Even now I didn’t feel like I had the right to label it as an eating disorder or get help for it. I kept justifying it as “just in my head”, I wasn’t seriously underweight and was still eating regularly. Particularly with eating disorders, there seems to be a need to see the physical evidence before labelling anything. The problem needs to have passed a critical visible level before it can be addressed.

Our society has a problem with categorising mental health in a healthy/unhealthy binary. Too little attention is paid to the in between state. As a result those in that position are left feeling as if they are exaggerating or inflating their situation. You should not have to look in the mirror and see your ribs poking out to recognise that there is a problem.
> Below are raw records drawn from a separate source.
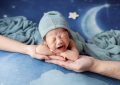 Un bébé en bonnet bleu pleure dans les bras d'un adulte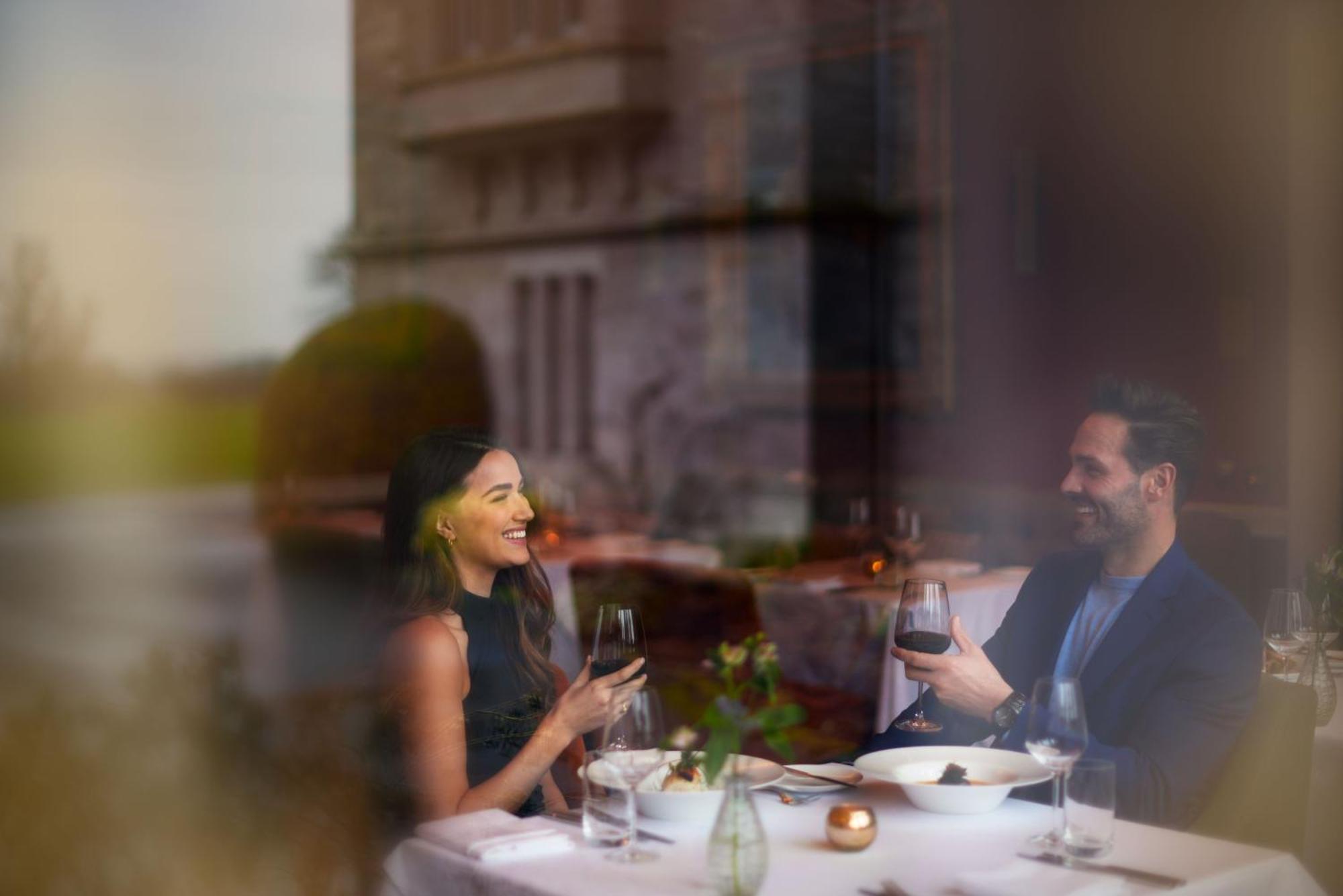 Schloss Roxburghe, Part Of Destination By Hyatt エクステリア 写真 A couple dining at a restaurant
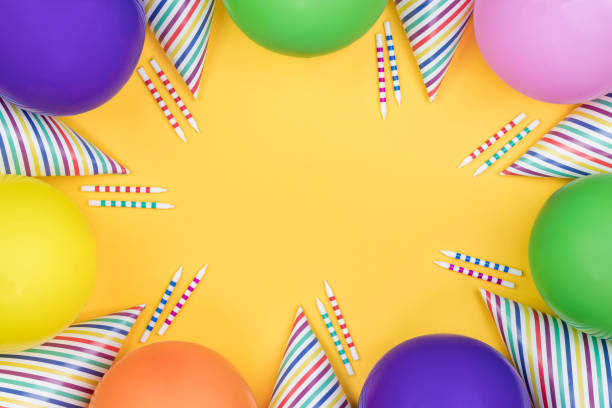 istock Birthday party composition on yellow background. Top view with copy space. 942809310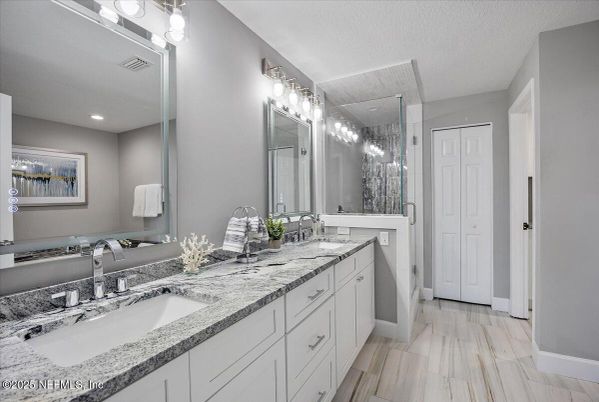 Bathroom, Dual Sink Vanities, Glass Shower, Interior, Recessed Lighting, Wood Texture Flooring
We need to collectively recognise that our mental health is shifting and dynamic, we don’t only exist at the extremes. If you started sneezing you would realise that a cold was coming on. So would other people, they might even point it out. We need to have a similar sensitivity to mental health and not be afraid to bring up the topic with our friends. You wouldn’t be offended if someone suggested you might have a cold and then you didn’t.

Similarly, if we think somebody is starting to show worrying thought patterns or behaviours we should have the confidence to bring it up with them without it being seen as a criticism or “deep” discussion. The stigma of mental health can mean that we are not prepared, and feel like disorders have suddenly taken hold. It’s important to know that you can and should ask for help whenever you feel like you might need it, and be open with your loved ones about how you are feeling all the time, not just when you can no longer cope alone.